Independent school in London

Hereward House School (/hɛrɪ'wəd hɑ:ʊs/), also known as HHS, is an Independent Association of Prep Schools (IAPS) private preparatory school for boys aged 4 to 13, located in Hampstead, London on 14 Strathray Gardens, near Swiss Cottage and Finchley Road. It prepares boys for London day schools as well as London boarding schools (including City of London, Westminster, Mill Hill and Highgate).

==History==
The school was founded in 1951 by Lionel and Mary (Bella) Brewester. It originally had six pupils, and was based Belsize Avenue. This number slowly increased until they moved to their current site (14 Strathray Gardens) in the 1960s. Today, the school teaches 171 pupils every day and employs 35 staff, 27 of whom are teaching staff. Pupils usually join the school from Transition to Year 1, but sometimes join in higher years. The school is split up into three main sections, the Junior School consists of Transition, Year 1 and Year 2, the Middle School consists of Years 3, 4 and the Senior School, which consists of Year 6, CE2 (Year 7) and CE1 (Year 8).

==Operation==
The school was named after the eleventh-century rebel leader, Hereward the Wake. All four school houses, one of which each boy is allocated to, are named after ethnic groups from his time period: the Angles, Danes, Normans and Saxons As is customary in most preparatory schools, competition exists between the houses, in sports and academic life.

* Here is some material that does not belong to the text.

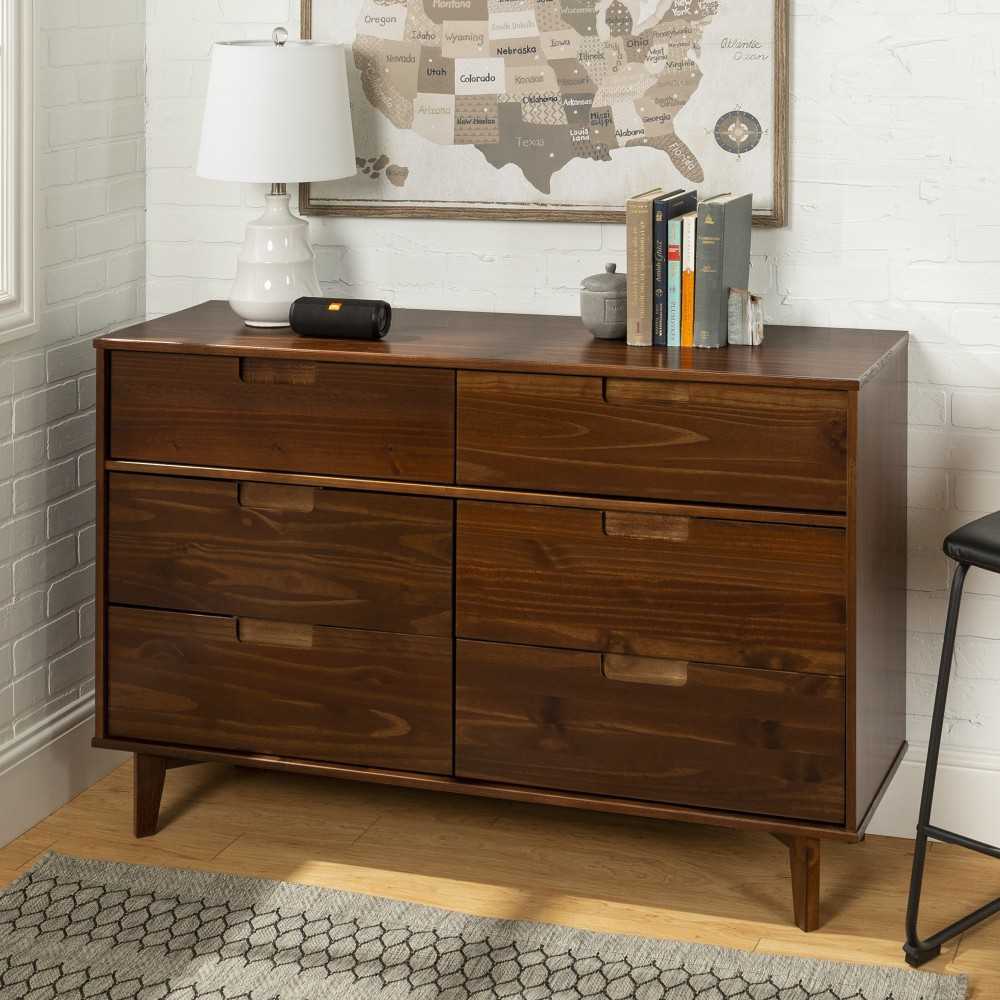 Sloane 6 Drawer Groove Handle Wood Dresser - Walnut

All boys of all ages have to wear the school uniform, which is composed of mostly grey and black clothing, accompanied by the distinctive white and blue striped tie, and the fleur-de-lis embroidered blazer. This uniform differentiates the pupils from those of the other preparatory schools in the area.

===Sports===
Hereward House specializes especially in football, which is played in the winter months, and cricket, which is played in the summer. In football, Hereward House competes against other schools, including Highgate, UCS and City of London.
Both cricket and football are played at Hampstead Heath Extension and Brondesbury Cricket Grounds, with football being played at Swiss Cottage Astro-Turf every week.

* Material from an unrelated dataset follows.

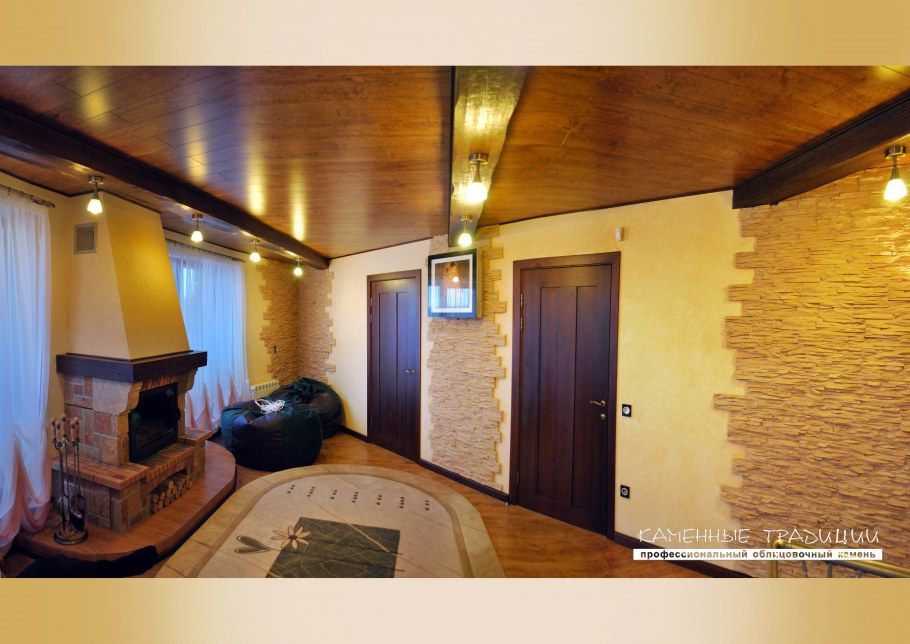 Декоративный камень на потолке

There are also inter-house competitions in the two sports, with the four houses competing against each other for inter-house glory. Cross country races are held at the Hampstead Heath Extension. The Hereward House Inter-School Cross-Country is an event in March at Hampstead Heath Extension. Schools are invited from across London to compete for titles in under-eleven and under-thirteen races.